## What is required
Without changing a word, return the listing below, minus its images.

## Records for processing
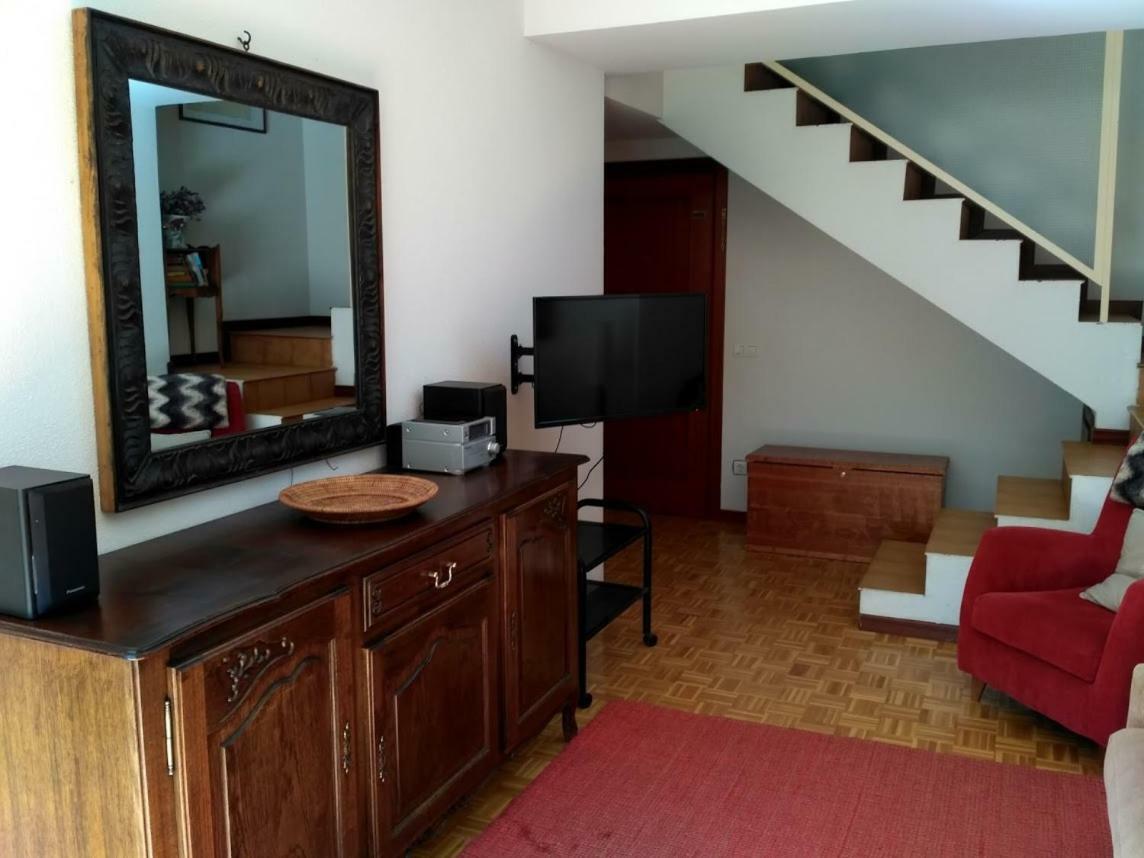 דירות Duplex Con Jardin En אסקראי מראה חיצוני תמונה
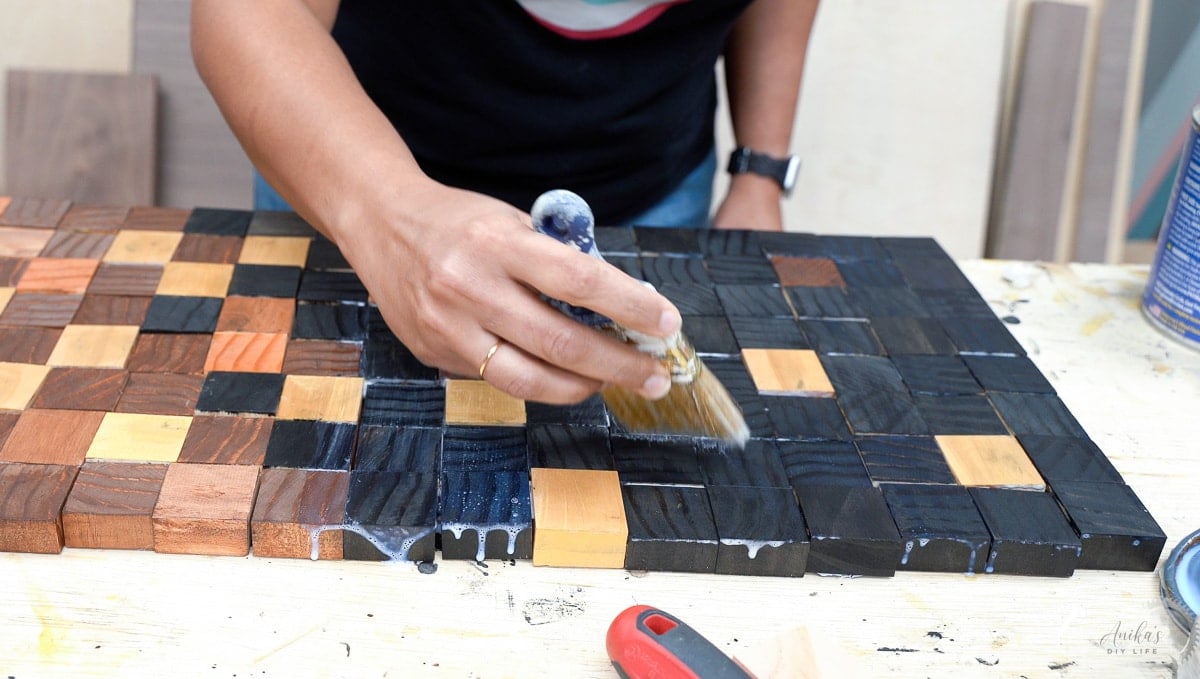 DIY: Faça você mesmo esse lindo caminho de mesa usando restos de madeira 19 mulher aplicando top coat em caminho de mesa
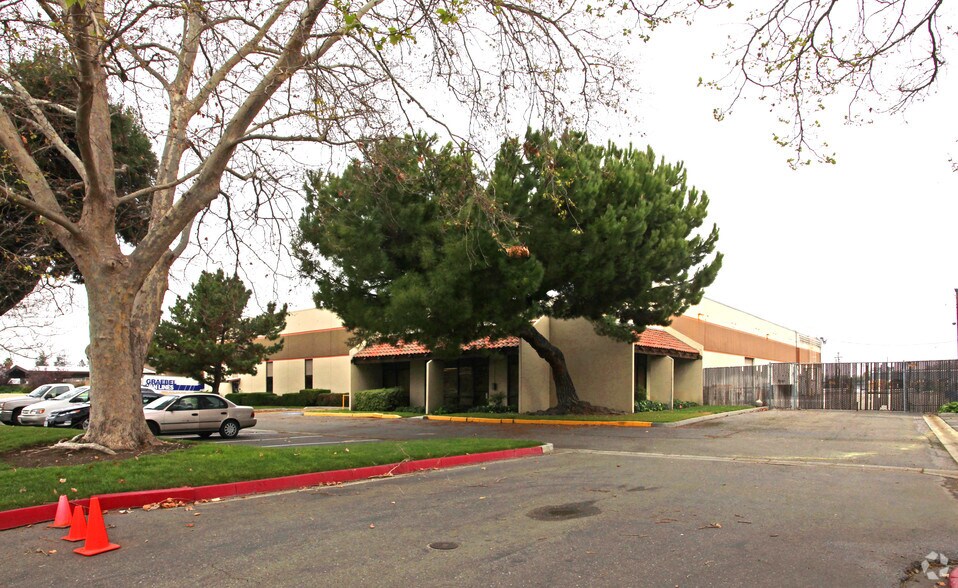 1501 Martin Ave, Santa Clara, CA à louer - Photo de l’immeuble – Image 2 sur 9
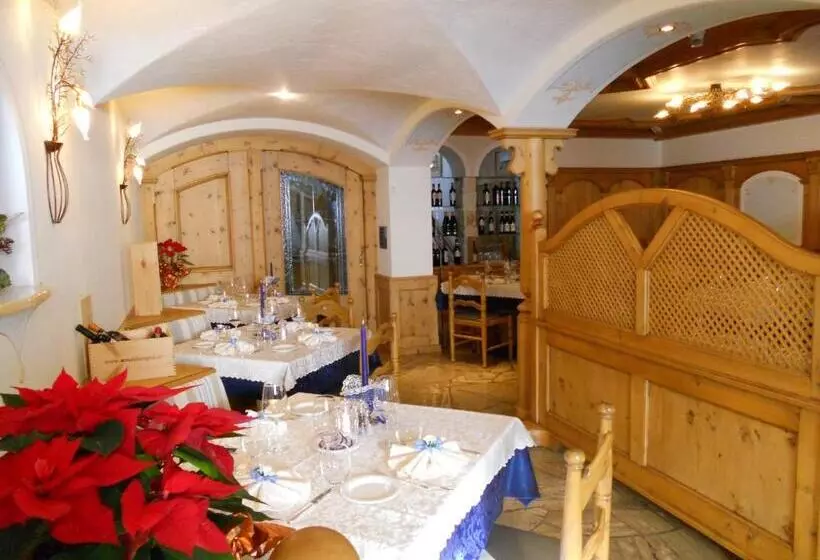 Family Hotel La Perla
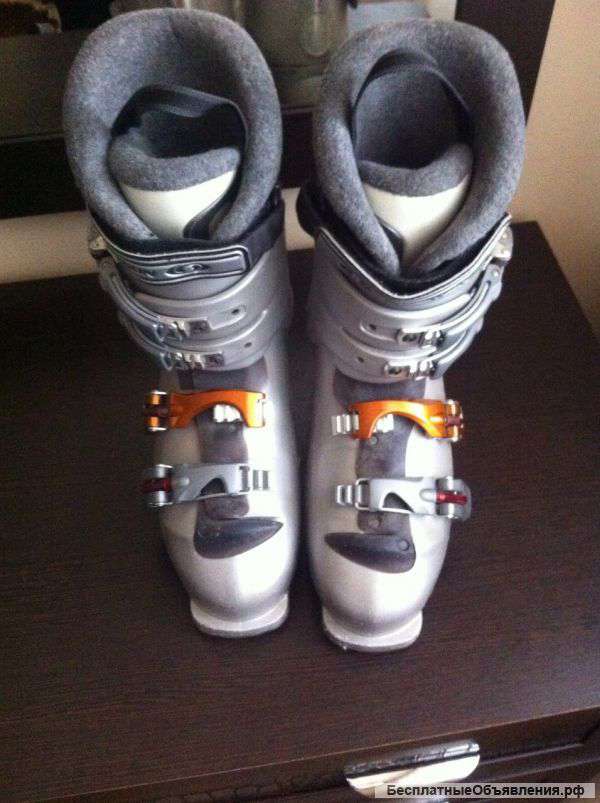 Горные лыжи и ботинки salomon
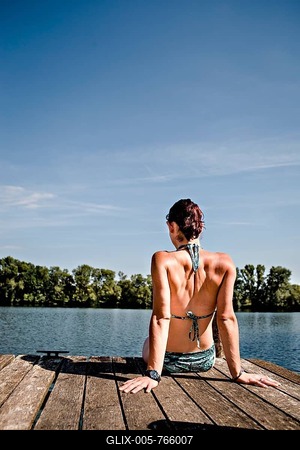 Young woman at lakeside-stock-foto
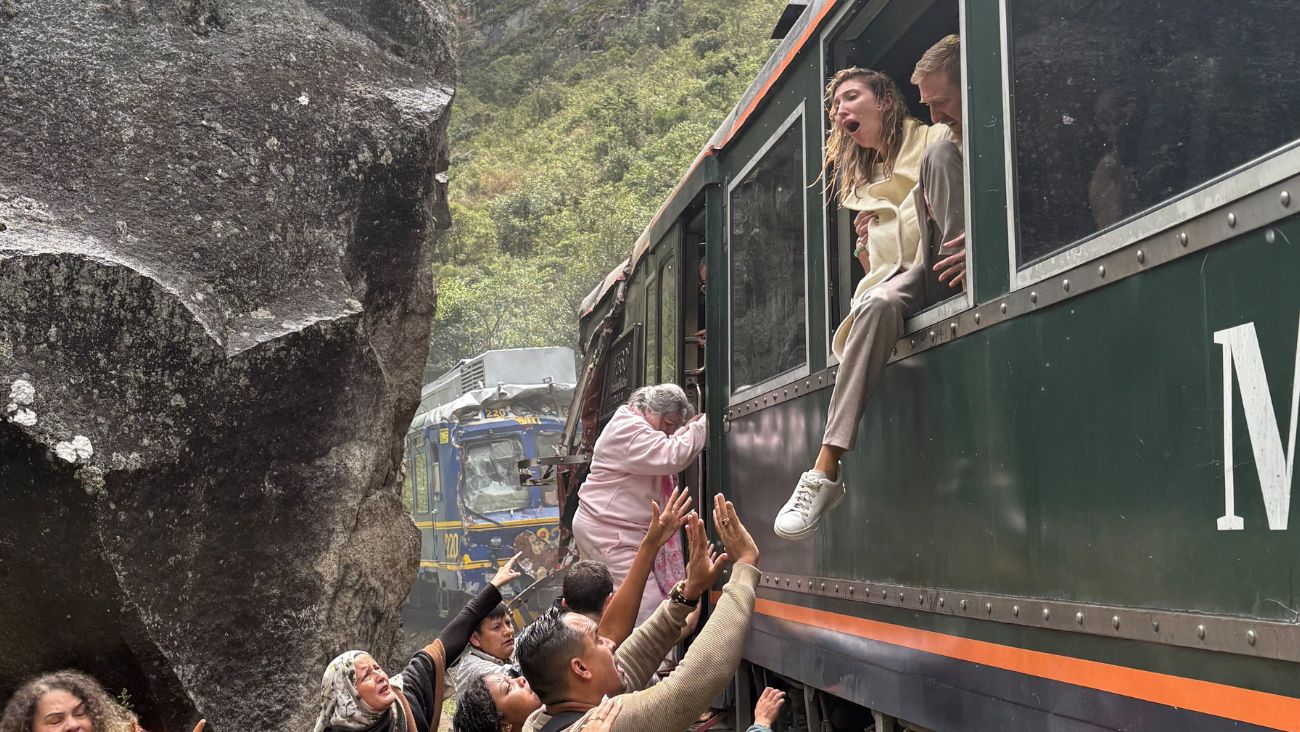 Choque de trenes deja al menos un muerto y 30 heridos; iban rumbo a Machu Picchu, en Perú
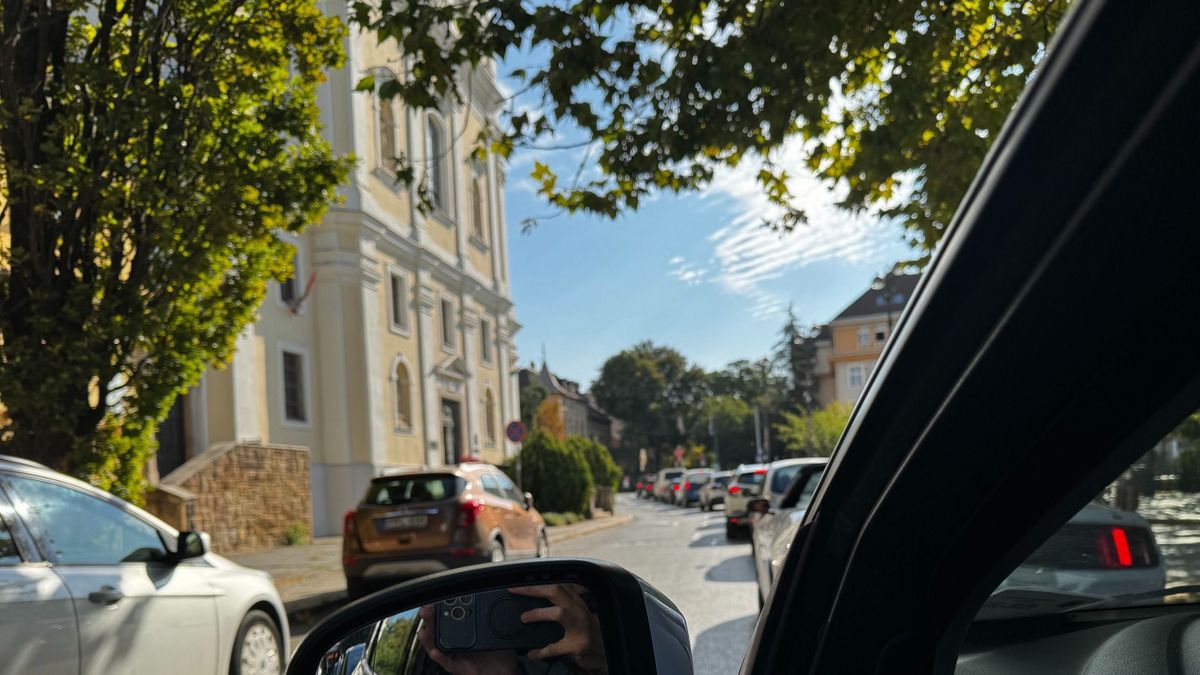 Maradnak még a forgalomkorlátozások Miskolcon - több főúton dolgoznak az iskolakezdés idején is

## Reply to the exercise
 דירות Duplex Con Jardin En אסקראי מראה חיצוני תמונה
 DIY: Faça você mesmo esse lindo caminho de mesa usando restos de madeira 19 mulher aplicando top coat em caminho de mesa
 1501 Martin Ave, Santa Clara, CA à louer - Photo de l’immeuble – Image 2 sur 9
 Family Hotel La Perla
 Горные лыжи и ботинки salomon
 Young woman at lakeside-stock-foto
 Choque de trenes deja al menos un muerto y 30 heridos; iban rumbo a Machu Picchu, en Perú
 Maradnak még a forgalomkorlátozások Miskolcon - több főúton dolgoznak az iskolakezdés idején is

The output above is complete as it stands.